Work item: What is needed is an exact copy of every entry below, minus the images.

━━━ Provided material ━━━

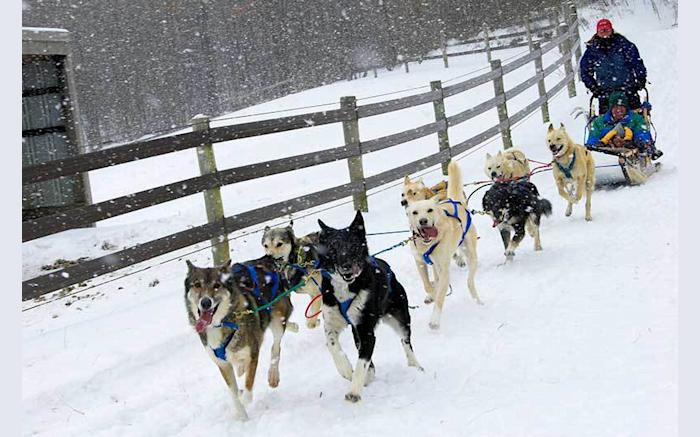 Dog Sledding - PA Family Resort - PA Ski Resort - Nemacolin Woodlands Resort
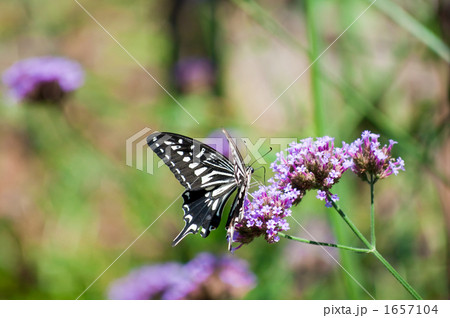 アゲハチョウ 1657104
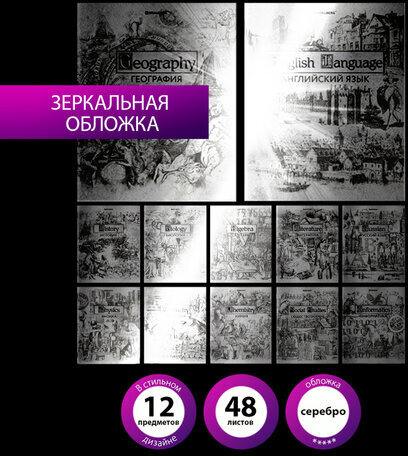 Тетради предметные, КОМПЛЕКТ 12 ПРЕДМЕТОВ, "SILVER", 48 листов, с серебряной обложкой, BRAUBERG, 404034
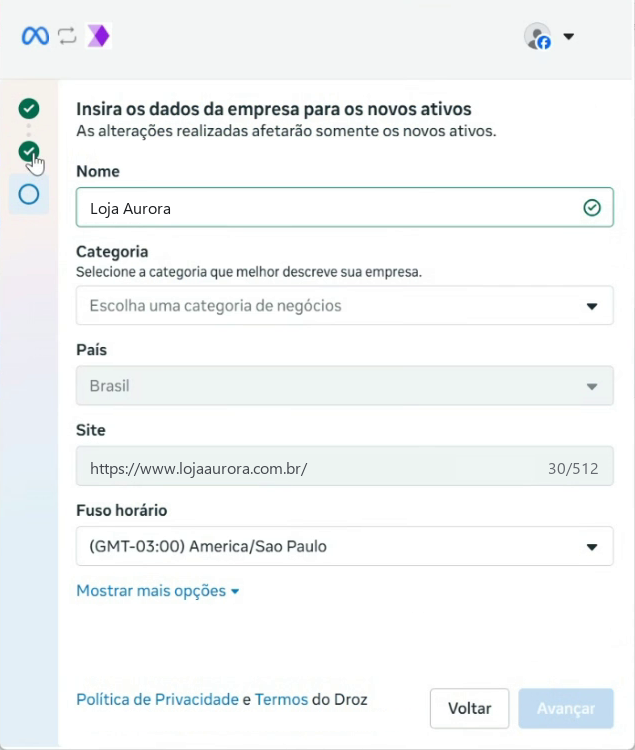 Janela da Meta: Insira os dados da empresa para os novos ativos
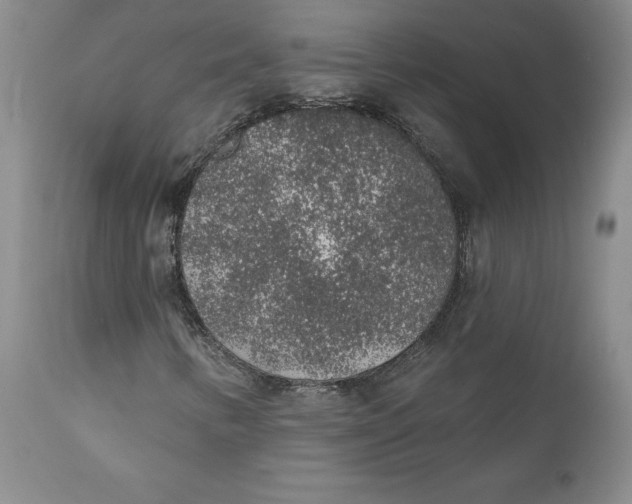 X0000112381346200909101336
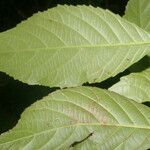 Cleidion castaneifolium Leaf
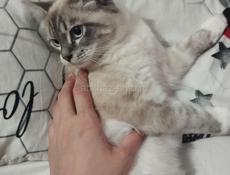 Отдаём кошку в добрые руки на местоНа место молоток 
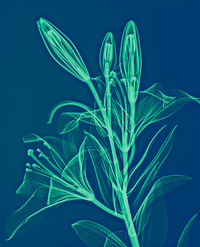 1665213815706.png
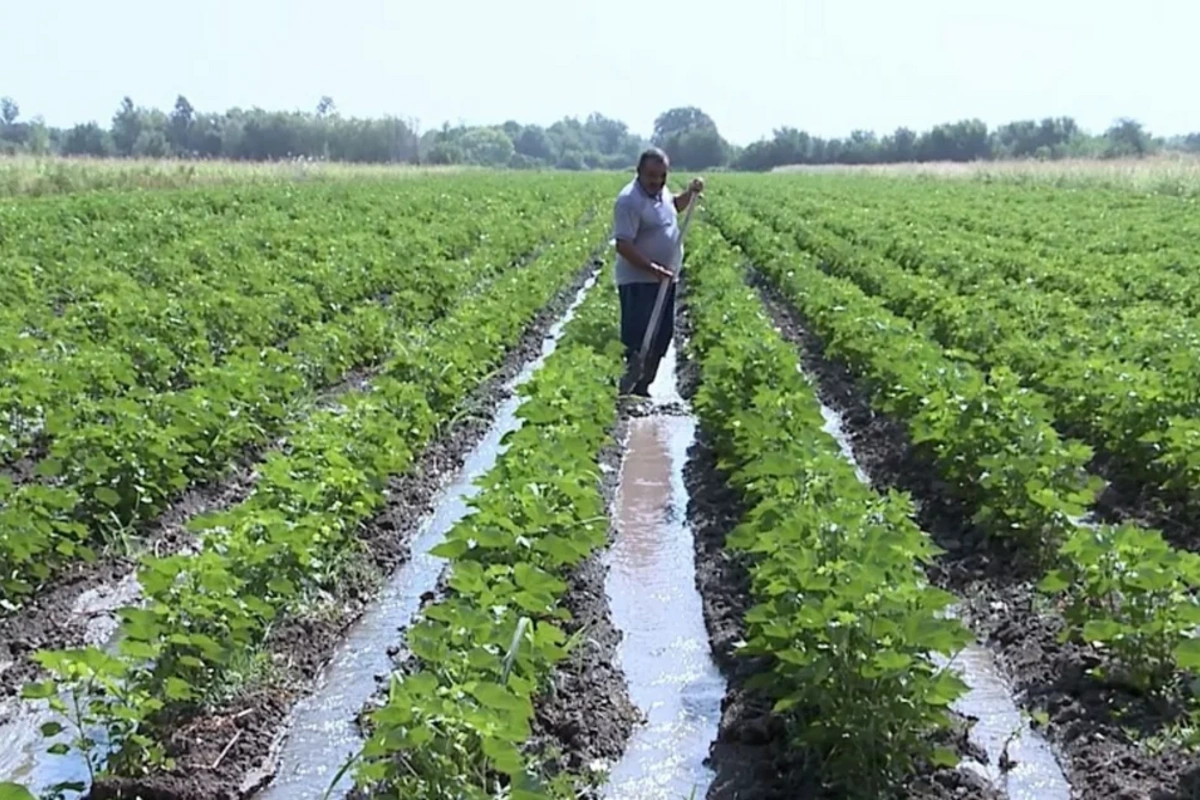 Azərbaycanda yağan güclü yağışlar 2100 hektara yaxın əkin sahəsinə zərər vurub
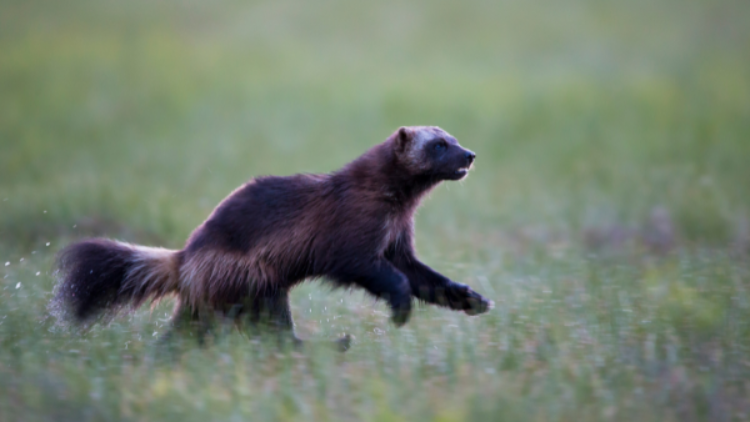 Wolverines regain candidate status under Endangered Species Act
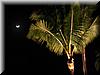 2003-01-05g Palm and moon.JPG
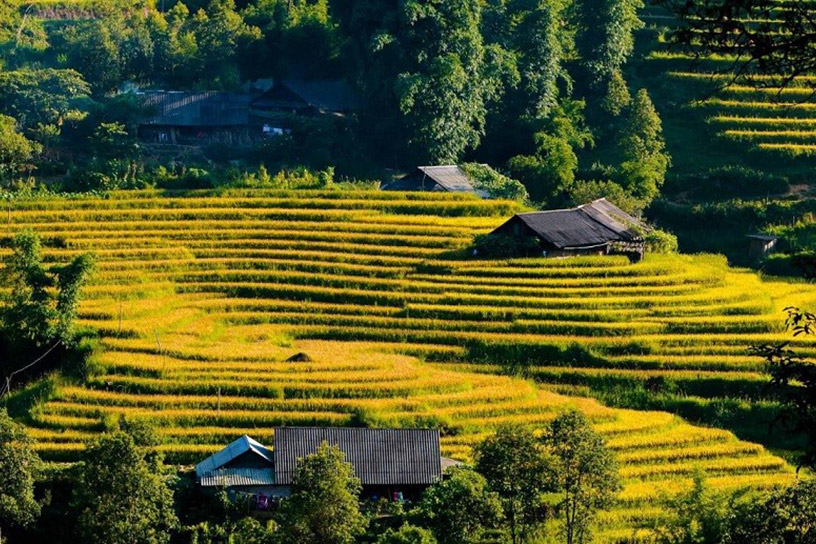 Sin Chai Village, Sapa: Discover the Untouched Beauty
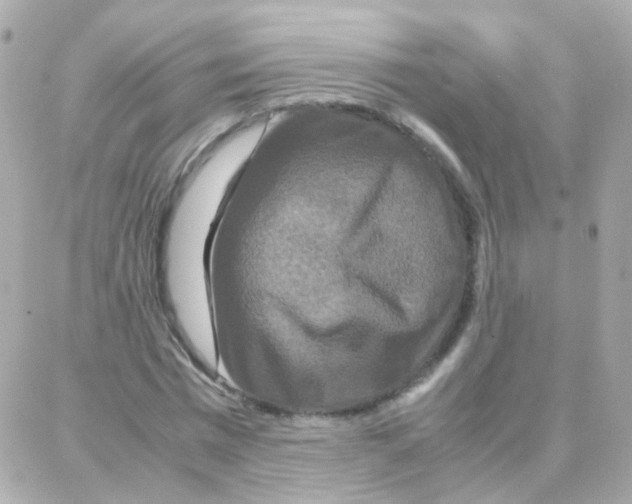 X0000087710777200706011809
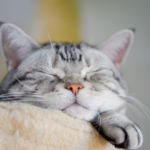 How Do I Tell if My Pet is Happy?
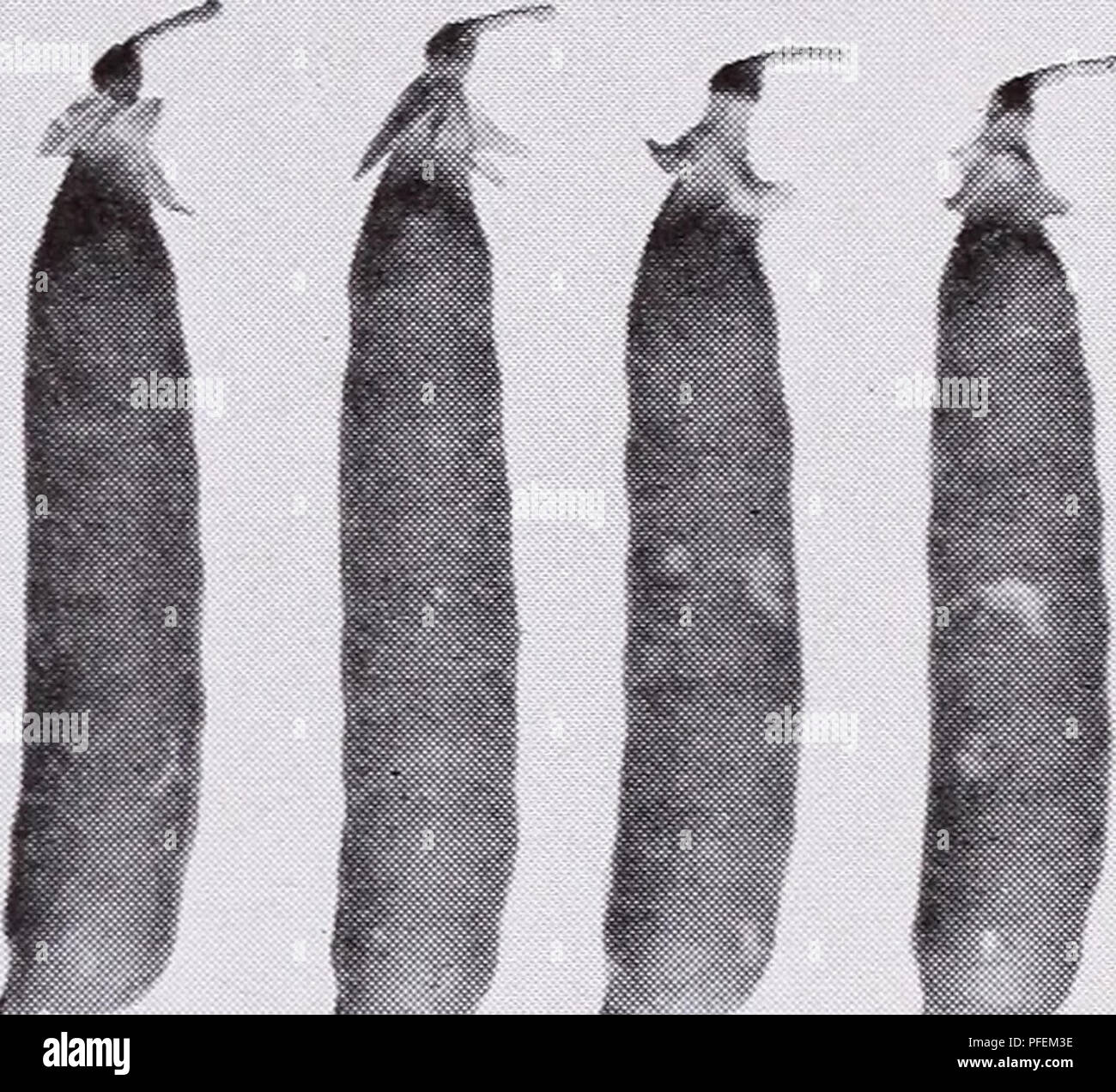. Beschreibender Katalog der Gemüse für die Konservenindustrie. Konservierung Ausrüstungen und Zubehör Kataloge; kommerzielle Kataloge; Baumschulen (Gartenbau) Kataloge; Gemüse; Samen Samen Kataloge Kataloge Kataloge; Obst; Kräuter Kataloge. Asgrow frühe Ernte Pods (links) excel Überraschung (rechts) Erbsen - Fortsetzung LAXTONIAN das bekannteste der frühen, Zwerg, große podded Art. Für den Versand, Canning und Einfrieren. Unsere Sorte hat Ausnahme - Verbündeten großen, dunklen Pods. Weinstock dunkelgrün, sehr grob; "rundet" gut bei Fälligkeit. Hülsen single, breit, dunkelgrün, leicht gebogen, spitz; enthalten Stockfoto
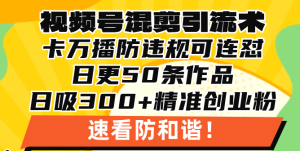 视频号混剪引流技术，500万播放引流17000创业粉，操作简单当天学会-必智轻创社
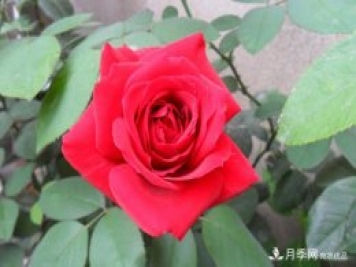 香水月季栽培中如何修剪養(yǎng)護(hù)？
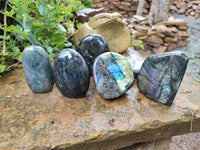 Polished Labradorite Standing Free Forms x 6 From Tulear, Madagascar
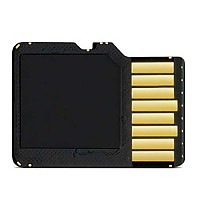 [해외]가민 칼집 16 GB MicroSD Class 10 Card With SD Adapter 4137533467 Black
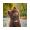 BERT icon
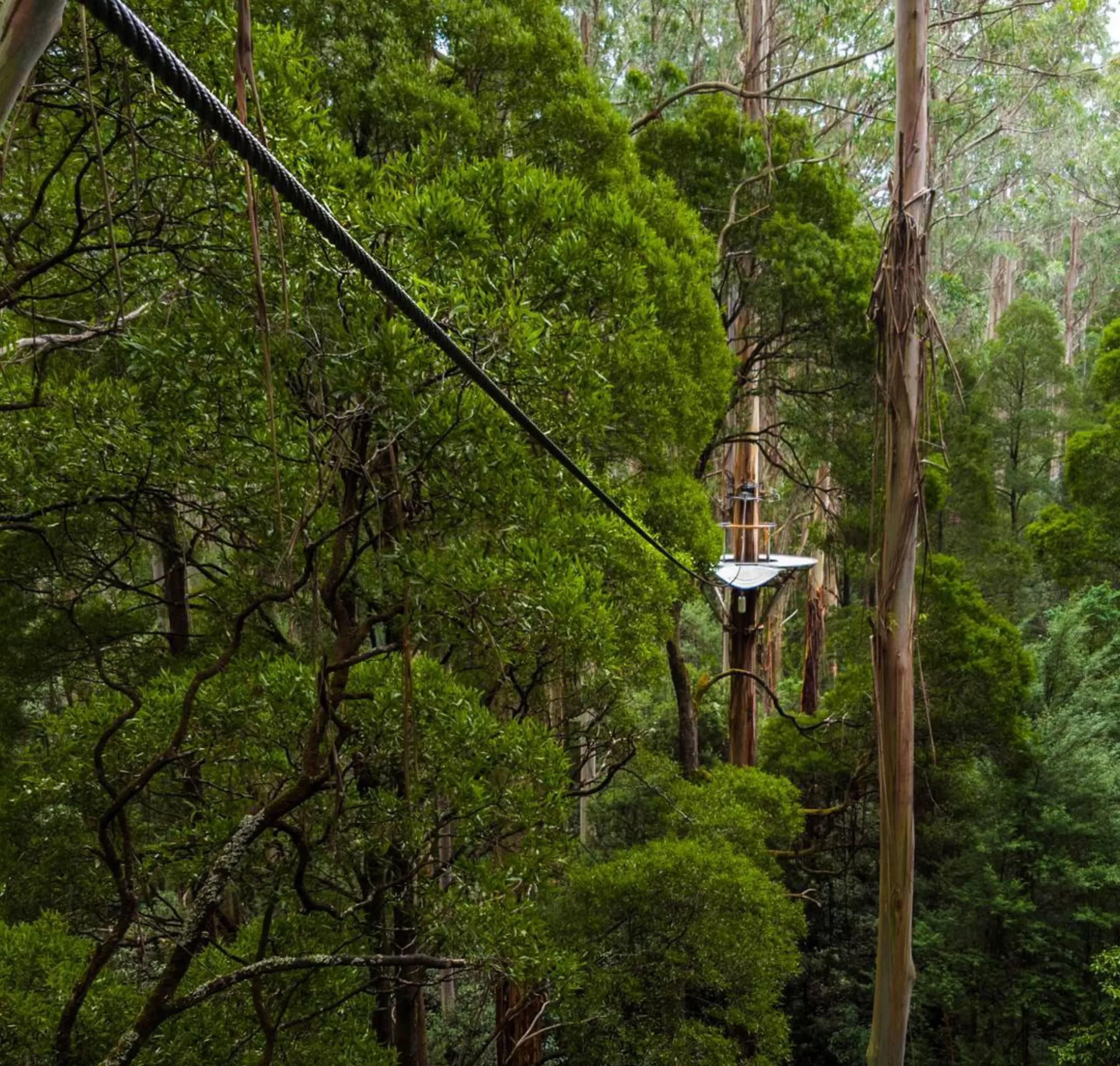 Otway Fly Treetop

━━━

Completed exercise:
 Dog Sledding - PA Family Resort - PA Ski Resort - Nemacolin Woodlands Resort
 アゲハチョウ 1657104
 Тетради предметные, КОМПЛЕКТ 12 ПРЕДМЕТОВ, "SILVER", 48 листов, с серебряной обложкой, BRAUBERG, 404034
 Janela da Meta: Insira os dados da empresa para os novos ativos
 X0000112381346200909101336
 Cleidion castaneifolium Leaf
 Отдаём кошку в добрые руки на местоНа место молоток 
 1665213815706.png
 Azərbaycanda yağan güclü yağışlar 2100 hektara yaxın əkin sahəsinə zərər vurub
 Wolverines regain candidate status under Endangered Species Act
 2003-01-05g Palm and moon.JPG
 Sin Chai Village, Sapa: Discover the Untouched Beauty
 X0000087710777200706011809
 How Do I Tell if My Pet is Happy?
. Beschreibender Katalog der Gemüse für die Konservenindustrie. Konservierung Ausrüstungen und Zubehör Kataloge; kommerzielle Kataloge; Baumschulen (Gartenbau) Kataloge; Gemüse; Samen Samen Kataloge Kataloge Kataloge; Obst; Kräuter Kataloge. Asgrow frühe Ernte Pods (links) excel Überraschung (rechts) Erbsen - Fortsetzung LAXTONIAN das bekannteste der frühen, Zwerg, große podded Art. Für den Versand, Canning und Einfrieren. Unsere Sorte hat Ausnahme - Verbündeten großen, dunklen Pods. Weinstock dunkelgrün, sehr grob; "rundet" gut bei Fälligkeit. Hülsen single, breit, dunkelgrün, leicht gebogen, spitz; enthalten Stockfoto
 视频号混剪引流技术，500万播放引流17000创业粉，操作简单当天学会-必智轻创社
 香水月季栽培中如何修剪養(yǎng)護(hù)？
 Polished Labradorite Standing Free Forms x 6 From Tulear, Madagascar
 [해외]가민 칼집 16 GB MicroSD Class 10 Card With SD Adapter 4137533467 Black
 BERT icon
 Otway Fly Treetop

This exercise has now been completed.